Located on a tranquil stretch of coast next to the unspoiled beach of Agios Stefanos, the seaside haven of Rocabella Mykonos Art Hotel & Spa is a bright world of contemporary design. The restaurant at Rocabella Mykonos offers a creative version of the New Greek cuisine that is in harmony with both the environment and the restaurant’s theme. It is the picture-perfect place to indulge your culinary senses with magnificent views over a sea of turquoise and the picturesque town of Mykonos. Bon appetit, or as the Greek say—καλή όρεξη!
Read Francesca’s review of Rocabella Mykonos Art Hotel & Spa here.
Ingredients for Pancetta
1 pork pancetta (average size of 1 kg without bone and without the skin)
Ingredients for Tomato Marmalade
200 grams of tomatoes
60 grams of fresh onion
20 grams of capers
Ingredients for Salad
15 crithmum leaves
2 beetroot
2 tablespoons of olive oil
½ teaspoon of salt
Ingredients for Chickpea Puree
500 grams of chickpeas (soak in water the night before)
1 big carrot
1 medium onion
50 ml olive oil
½ teaspoon of salt
30 grams of butter
10 grams of lemon juice
Preparation & Instructions
Tomato Marmalade: Blansir the tomatoes, then take the fillets and cut them into small cubes.
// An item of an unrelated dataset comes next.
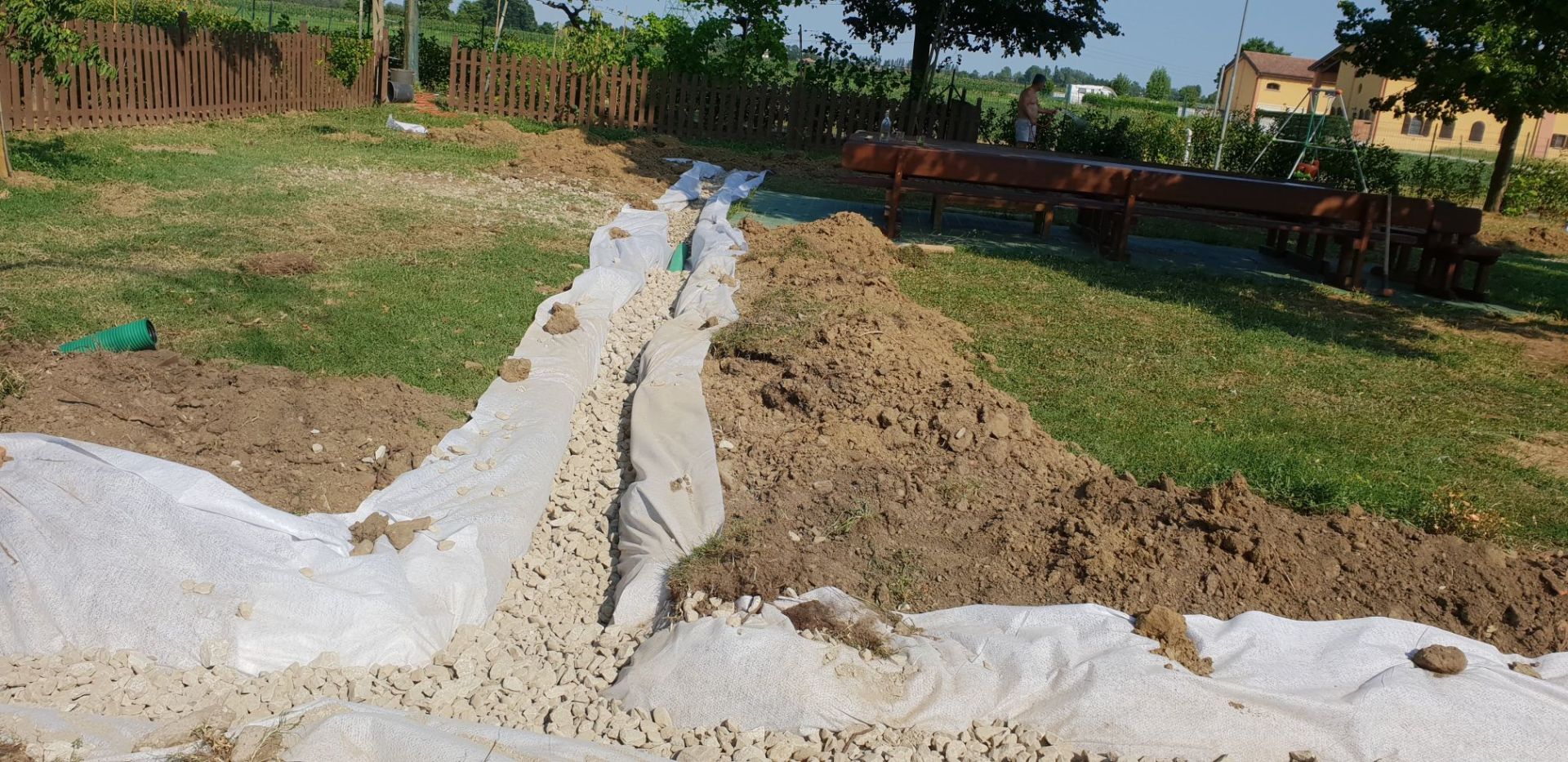 scavi per giardini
Add them in a small pot with the olive oil, fresh onions, salt and pepper, and sauté until all the juices are vaporized. Afterwards, take it off the flame and put in a cold bain marie and add the chopped capers.
Chickpea Puree: Boil the chickpeas, carrots and onion until they are soft. Afterwards, drain and place the ingredients and butter into a blender and puree until it becomes a creamy paste. Add the olive oil, a pinch of salt and the lemon juice.
Salad: Place ingredients in a bowl and mix together.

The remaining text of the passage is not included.